===== EXTRACTED ENTRIES =====
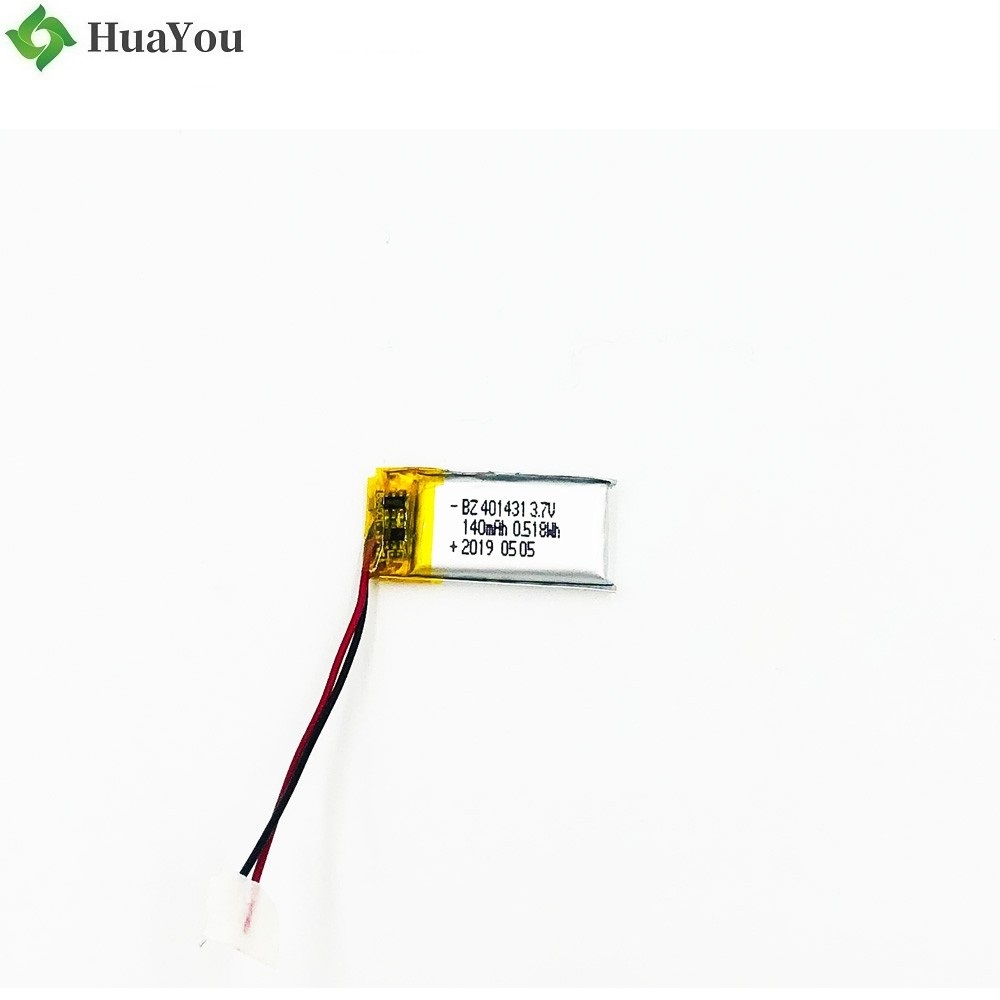 140mAh Lipo Battery for Cosmetic Case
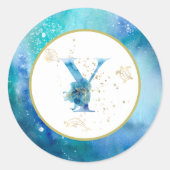 *~* LETTER Y - Nautische strandenvelop Sticker (Voorkant)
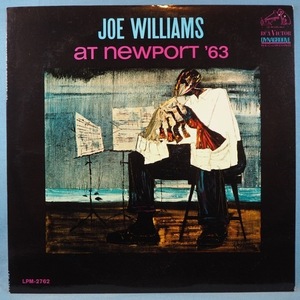 ■RCA-MONO盤!★JOE WILLIAMS/AT NEWPORT 63★送料無料(条件有り)３千枚＋出品中!★オリジ名盤■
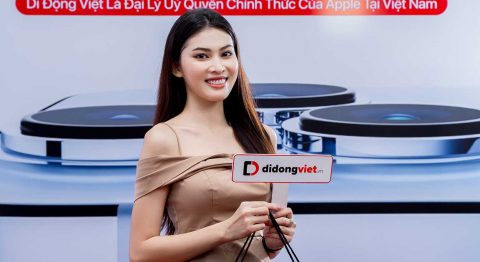 Á Hậu Ngọc Thảo chia sẻ bí quyết sắm iPhone 13 Pro Max tiết kiệm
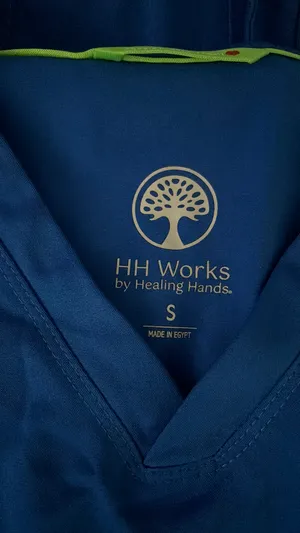 Royal Blue Healing Hands Scrubs thumbnail 6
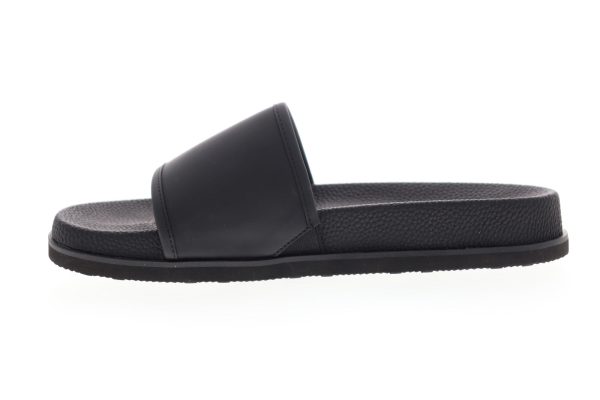 Calvin Klein Mackee Rubberized Smooth Indus Mens Black Slides Sandals Shoes For Cheap - Image 5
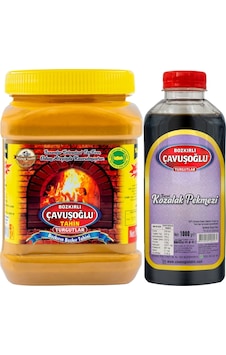 Bozkırlı Çavuşoğlu Kepeksiz Bozkır Tahini 930 G + Kozalak Pekmezi 1 KG Bozkırlı Çavuşoğlu Kepeksiz Bozkır Tahini 930 G + Kozalak Pekmezi 1 KG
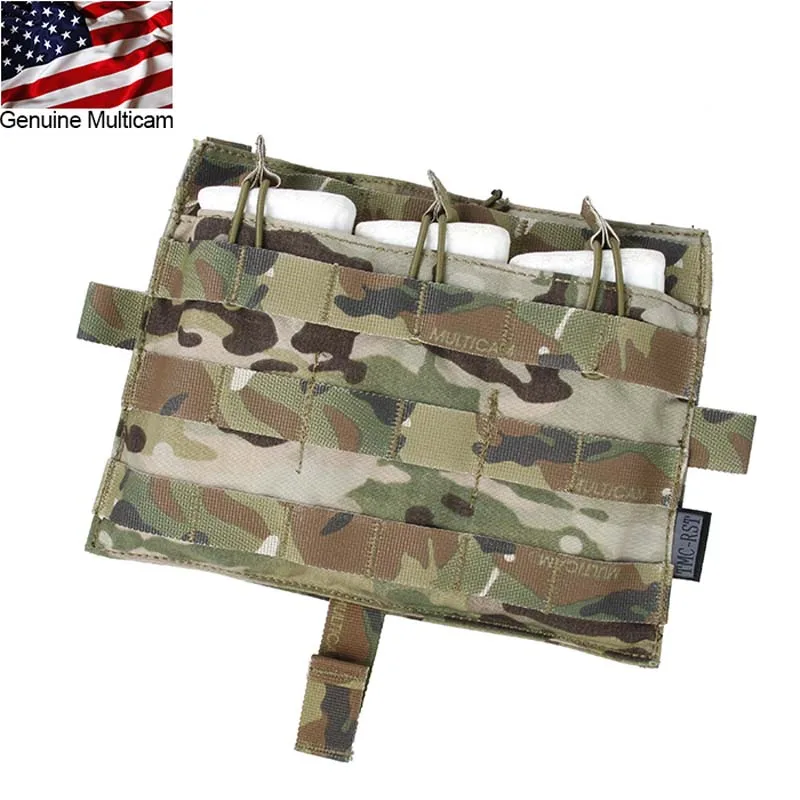 Страйкбольная охотничья TMC Molle M.4 Тройная Магнитная сумка Мультикам для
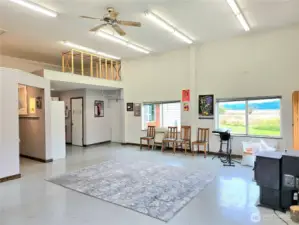 Studio with Bayview & 2 entrances.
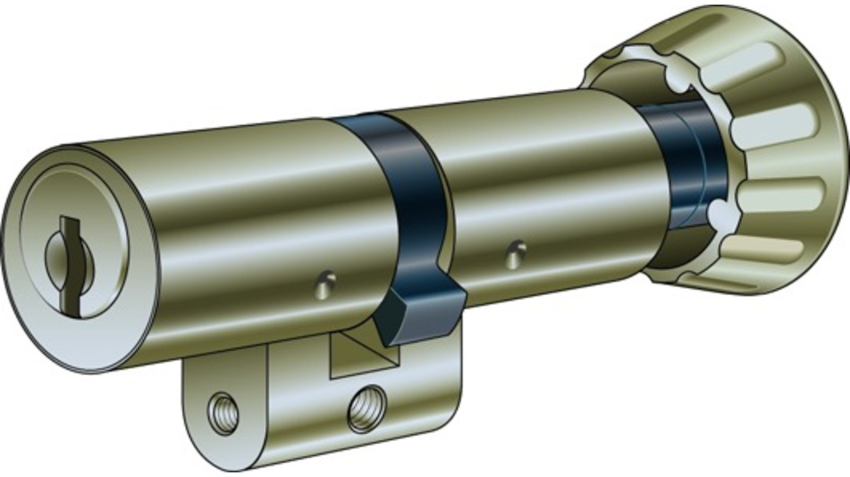 KABA 8 Drehknopfzylinder Typ M1519 32.5/32.5, mit 3 Schlüssel - Kaba 8, Lagerprodukt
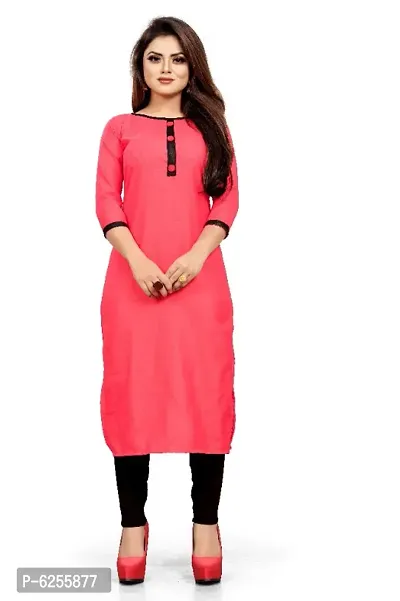 Women Embroidered Straight Cotton Kurta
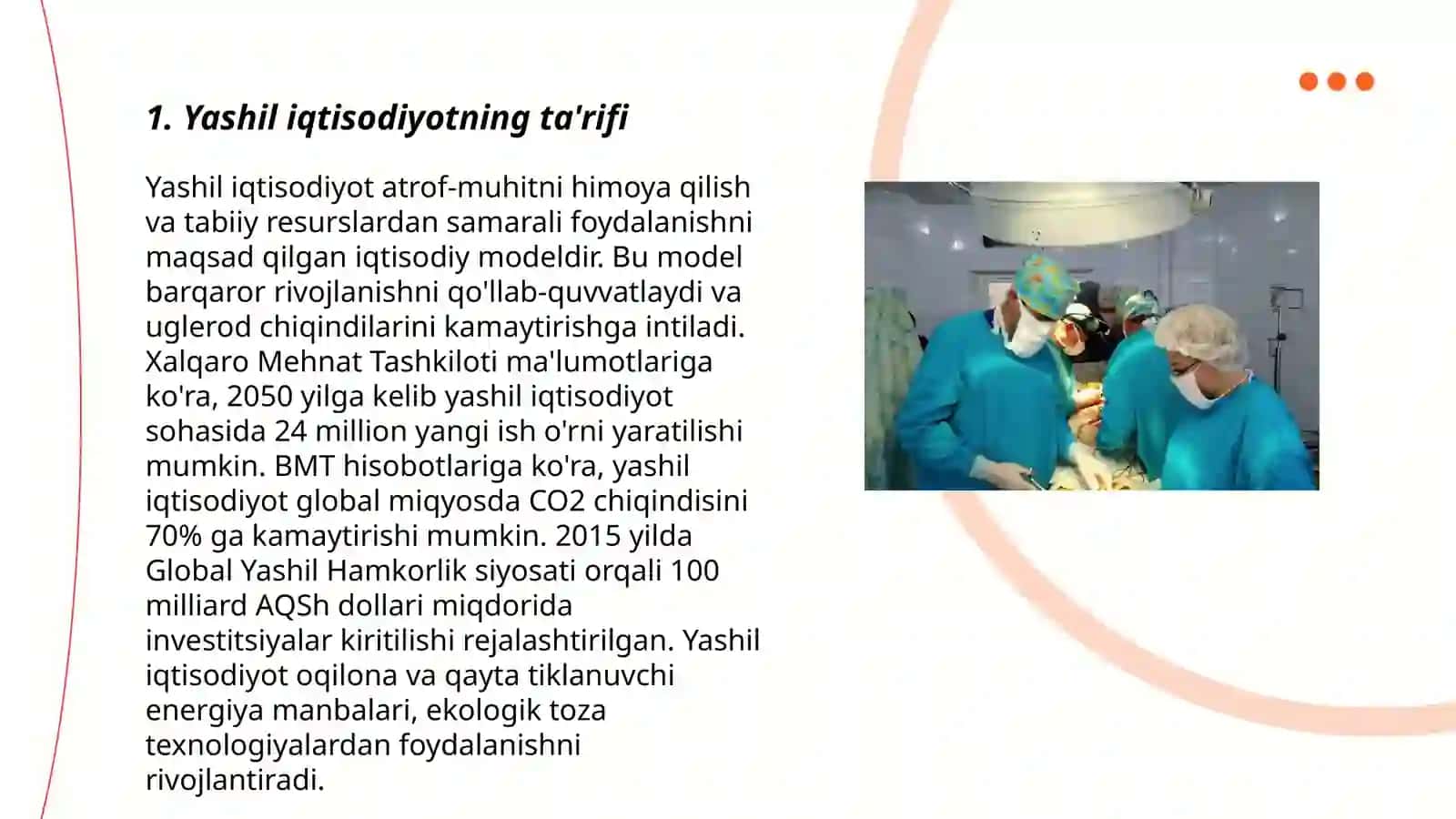 Yashil iqtisodiyotga oʻtish boʻyicha rivojlangan va rivojlanayotgan mamlakatlar 3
=====
**WORK INSTRUCTIONS:**
Please set down each entry word for word, without its images.

**FINISHED TASK:**
 140mAh Lipo Battery for Cosmetic Case
 *~* LETTER Y - Nautische strandenvelop Sticker (Voorkant)
 ■RCA-MONO盤!★JOE WILLIAMS/AT NEWPORT 63★送料無料(条件有り)３千枚＋出品中!★オリジ名盤■
 Á Hậu Ngọc Thảo chia sẻ bí quyết sắm iPhone 13 Pro Max tiết kiệm
 Royal Blue Healing Hands Scrubs thumbnail 6
 Calvin Klein Mackee Rubberized Smooth Indus Mens Black Slides Sandals Shoes For Cheap - Image 5
 Bozkırlı Çavuşoğlu Kepeksiz Bozkır Tahini 930 G + Kozalak Pekmezi 1 KG Bozkırlı Çavuşoğlu Kepeksiz Bozkır Tahini 930 G + Kozalak Pekmezi 1 KG
 Страйкбольная охотничья TMC Molle M.4 Тройная Магнитная сумка Мультикам для
 Studio with Bayview & 2 entrances.
 KABA 8 Drehknopfzylinder Typ M1519 32.5/32.5, mit 3 Schlüssel - Kaba 8, Lagerprodukt
 Women Embroidered Straight Cotton Kurta
 Yashil iqtisodiyotga oʻtish boʻyicha rivojlangan va rivojlanayotgan mamlakatlar 3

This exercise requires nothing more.